The most common question I received, after being honored with the prestigious Athena Award for mentoring female professionals in their careers, was how to do it. Other professionals also wanted to pass along their own expertise, or help someone better fill a slot in their company, or they wanted to pay forward the experience of helping someone in their career because they had benefitted from mentoring in the past. But the fact was, they said, they simply didn’t know where to start. Here’s the advice I gave them, and I hope it may be helpful to you, too, as the world truly needs more mentors.
Set ground rules to create a safe emotional place for both participants. Your decision to mentor is as individual as you are. Likewise, the person you’d like to mentor also has their own reasons and motives for participating. Share upfront why you’d offer or agree to a formal tutelage, and clearly frame everyone’s goals, expectations and timeline. Pay special attention to the question of communication – the preferred channels, how accessible you wish to be, and how much feedback you expect. It will foster an atmosphere of trust and help avoid hurt feelings later.

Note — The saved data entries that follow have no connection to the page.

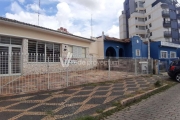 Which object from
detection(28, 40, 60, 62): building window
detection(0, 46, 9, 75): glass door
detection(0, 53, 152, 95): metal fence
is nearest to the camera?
detection(0, 46, 9, 75): glass door

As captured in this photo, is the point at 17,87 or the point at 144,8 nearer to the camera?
the point at 17,87

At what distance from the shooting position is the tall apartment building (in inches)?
1610

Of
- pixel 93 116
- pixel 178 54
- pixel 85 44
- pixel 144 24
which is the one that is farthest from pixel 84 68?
pixel 144 24

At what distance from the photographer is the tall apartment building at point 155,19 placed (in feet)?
134

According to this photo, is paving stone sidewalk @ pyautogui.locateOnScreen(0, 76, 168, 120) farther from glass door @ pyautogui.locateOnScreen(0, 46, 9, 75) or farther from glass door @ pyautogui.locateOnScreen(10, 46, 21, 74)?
glass door @ pyautogui.locateOnScreen(10, 46, 21, 74)

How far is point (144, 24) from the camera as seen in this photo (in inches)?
1886

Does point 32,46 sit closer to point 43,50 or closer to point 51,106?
point 43,50

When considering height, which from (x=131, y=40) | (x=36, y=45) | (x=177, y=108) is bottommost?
(x=177, y=108)

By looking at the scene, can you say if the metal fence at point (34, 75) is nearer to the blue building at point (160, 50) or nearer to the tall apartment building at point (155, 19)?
the blue building at point (160, 50)

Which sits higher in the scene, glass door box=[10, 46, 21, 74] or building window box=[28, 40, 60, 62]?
building window box=[28, 40, 60, 62]

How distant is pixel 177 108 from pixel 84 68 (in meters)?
5.77

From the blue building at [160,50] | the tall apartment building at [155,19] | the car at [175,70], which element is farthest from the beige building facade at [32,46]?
the tall apartment building at [155,19]

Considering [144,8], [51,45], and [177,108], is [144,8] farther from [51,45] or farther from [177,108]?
[177,108]

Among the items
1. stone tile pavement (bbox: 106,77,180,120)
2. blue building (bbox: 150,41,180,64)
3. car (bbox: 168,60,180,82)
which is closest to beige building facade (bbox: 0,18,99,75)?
stone tile pavement (bbox: 106,77,180,120) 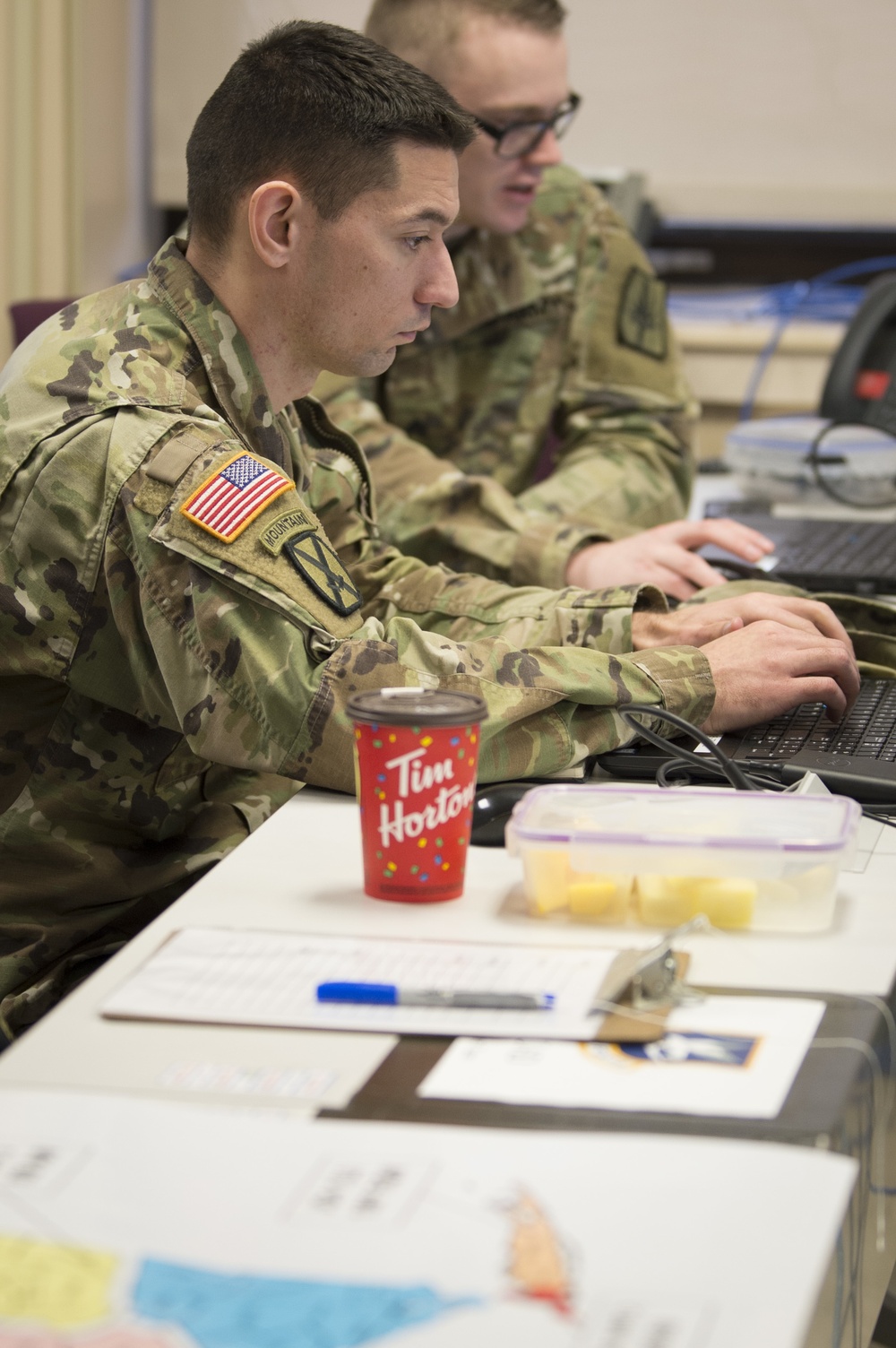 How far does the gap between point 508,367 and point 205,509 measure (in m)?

Establish goals and priorities. Good mentoring starts with an exploration of what the protégé wants to be able to do better at the end of the sessions. It’s critical to break the generalities down to specific behaviors. For example, “be better at time management” means little. What specifically should the mentee be able to do to show improvement in this area, and by when? These goals become the foundation of the partnership.
Understand that you are the passenger and not the driver on this journey. Though you’ve been deemed the expert, mentoring should be led by the protégé. To help your mentee develop new skills, ask the hard questions of them. When asked for advice, your best first response is “What do you think you should do?” or “What do you see as your options?” If the person then offers a lame or self-defeating suggestion, don’t sweep it under the rug with your “better” answer; instead, help guide them toward discovering a better option themselves. Success is teaching your protégé how to think logically through difficult situations or problems, considering it from new angles.
Know your role and stay true to it. While a mentor often becomes a trusted friend, it is still important to maintain a professional distance that balances empathy and instruction. Yes, you’ll become a safe place to vent, but you want to then help your student move beyond that toward an action plan. Venting is not action, it’s reflection. You’ll want to help them foster accountability for their response to situations, helping them vet out the most appropriate reaction to their dilemma.
Don’t be seduced by the mentor’s assigned “Superman” status. You don’t have to know everything and, in fact, part of the reason you were chosen is because you’re successful. That means you know how to network and tap into other resources. Referring your protégé to other people for some of their answers or experiences will help them learn this art as well.
Align your expectations for how you want the sunset relationship to be. While I enjoy mentoring, I think it’s most successful when the student “graduates” out of a formal protégé role and into more of a peer relationship with me. That’s our goal from the very beginning, in fact; it’s how I know I did my job.
Still interested in mentoring? I hope so because the person who will benefit most will be you.